Meet the Casper Fish

by Carolina Staff

Many researchers use zebra fish (Danios) for genetic and developmental studies. Zebra fish make excellent model research organisms since they are vertebrates, and their embryonic development is similar to human embryonic development. This means that you can easily view their internal organs, including the heart, gallbladder, circulatory system, brain, spine, eggs in females, and the swim bladder in males.

Engineering a Solution to a Problem

Researchers at Children’s Hospital Boston had been using zebra fish to study the development of cancer in vivo. However, the window for them to track the cancer was limited to the embryonic stage of zebra fish, where they could see into the bodies of the developing fish. In response, researchers began crossbreeding specific genetic strains of zebra fish to produce a transparent fish. After a year, they developed the Casper Fish, which lacks pigment in its skin and scales, and therefore is transparent. The Casper Fish’s transparency allowed researchers to extend their research into the adult stage of this model organism.

It’s All in the Genes

Two genes were involved in the development of the Casper Fish. The mitfa gene controls development of the melanophores, which are the black pigmented stripes on zebra fish. The nacre allele (n) corresponds to a mutation in the mitfa gene that is present in the Casper Fish, eliminating the appearance of melanophores. An unnamed gene controls the development of reflective iridophores on zebra fish, and the roy allele (r) corresponds to the mutation exhibited in Casper Fish for this gene. To produce a Casper Fish, both genes must be homozygous recessive mutants (nnrr). Therefore, 2 nacre and 2 roy alleles must be present. Crossbreeding and understanding genetic inheritance allowed for this scientific breakthrough.

Zebra Fish and Casper Fish Studies in the Classroom

The benefits Casper Fish and zebra fish bring to the research laboratory also make them ideal specimens for the science classroom. Classroom studies using these fish facilitate the mastery of the NGSS Core Ideas LS1: Molecules to Organisms and LS3: Heredity: Inheritance and Variation of Traits.

Casper Fish give students the opportunity to observe the internal anatomy of a live organism in real time. With a stereomicroscope, students can observe physiological parameters such as heart rate, respiration, and blood flow. Casper Fish activities can be designed to generate student questions, carry out investigations, propose explanations, collect and analyze data, and make an argument from evidence, all of which are NGSS practices.

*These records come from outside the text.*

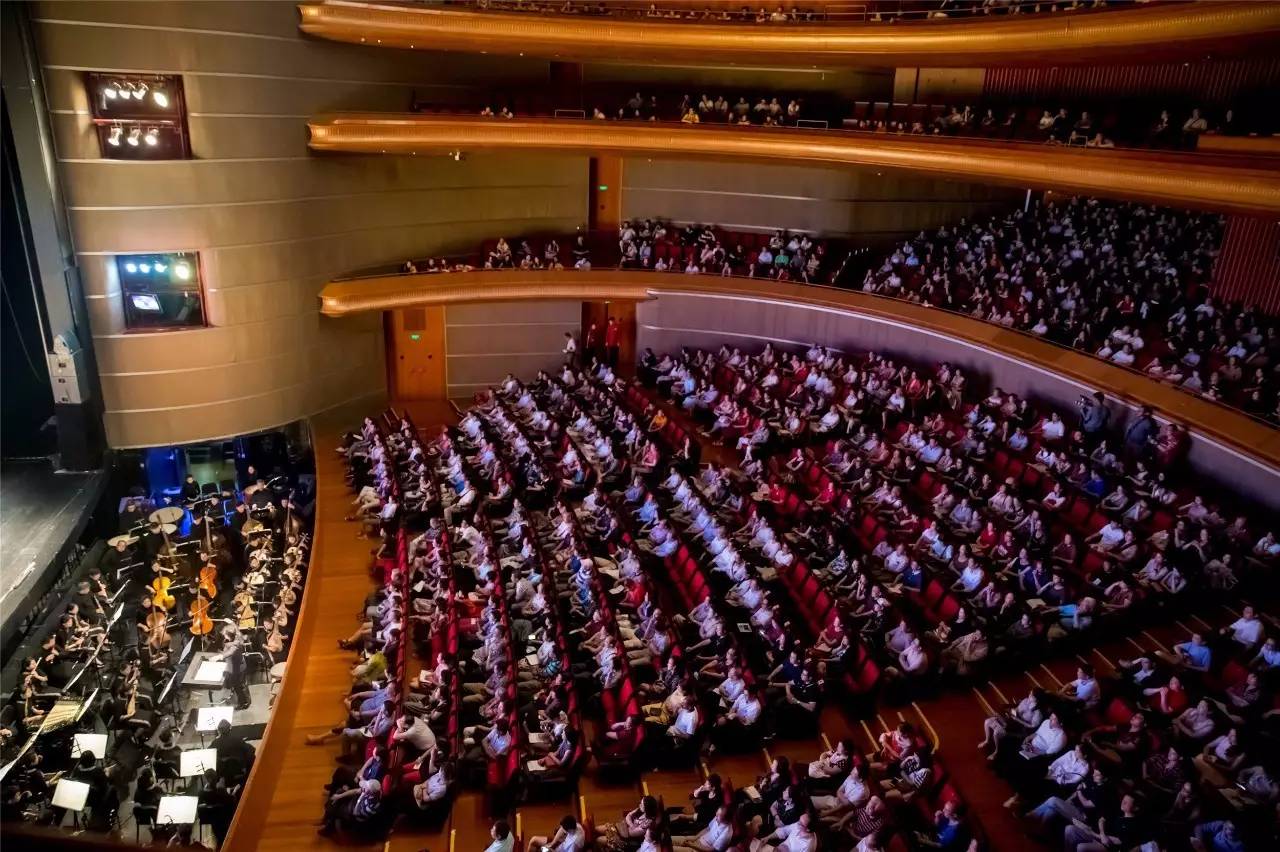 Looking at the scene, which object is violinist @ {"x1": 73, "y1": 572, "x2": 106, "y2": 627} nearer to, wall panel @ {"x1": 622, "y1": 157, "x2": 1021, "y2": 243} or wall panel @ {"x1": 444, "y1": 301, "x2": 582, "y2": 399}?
wall panel @ {"x1": 444, "y1": 301, "x2": 582, "y2": 399}

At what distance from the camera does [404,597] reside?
7.61m

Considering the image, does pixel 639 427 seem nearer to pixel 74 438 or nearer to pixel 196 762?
pixel 196 762

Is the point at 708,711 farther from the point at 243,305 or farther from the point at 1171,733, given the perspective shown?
the point at 243,305

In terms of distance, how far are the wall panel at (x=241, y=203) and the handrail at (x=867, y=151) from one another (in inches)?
24.9

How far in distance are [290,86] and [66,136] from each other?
2580mm

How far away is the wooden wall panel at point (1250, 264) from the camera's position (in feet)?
33.5

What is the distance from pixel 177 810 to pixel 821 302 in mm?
10314

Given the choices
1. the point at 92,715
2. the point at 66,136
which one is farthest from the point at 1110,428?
the point at 66,136

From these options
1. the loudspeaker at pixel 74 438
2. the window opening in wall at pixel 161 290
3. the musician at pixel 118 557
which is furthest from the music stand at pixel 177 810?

Numerous Crosscutting Concepts are easily addressed in activities including patterns, cause and effect, and structure and function.

Comparing Casper Fish to wild type zebra fish can lead to robust discussions of adaptation and mutation. While Casper Fish are the result of selective breeding of naturally occurring mutants, GloFish® fluorescent zebra fish are the result of genetic engineering. Keeping the fish together in an aquarium might result in some interesting offspring. Breeding will be more successful with a breeding tank.

Incorporate the Genetics

Carolina is the exclusive distributor of Casper Fish. To bring the excitement of this model organism into your classroom, try the Genetics of the Casper Fish Kit. In this kit, students crossbreed zebra fish males and Casper Fish females and observe the embryological development of the F1 generation. This engaging kit not only allows students to watch cellular division and differentiation, but also incorporates the basics of inheritance. While observing embryological development of the collected transparent embryos, your students construct dihybrid crosses to predict the genotypic and phenotypic frequencies of the F1 and F2 generations. Here is an example of the type of question students think through as they observe these growing embryos daily:

Using a Punnett square, calculate the genotypic frequencies of the resulting F1 generation, assuming the parental generation is true breeding (homozygous for both traits). What fraction of the resulting F1 generation would be Casper Fish?

Maintaining zebra fish in your classroom

Zebra fish are social fish, and they do best when they kept in a school of five or more, depending on the size of the tank. A minimum tank size of 10 gallons (see our recommended aquarium kit) is recommended to give them room to swim, and can accommodate 5 to 10 zebra fish.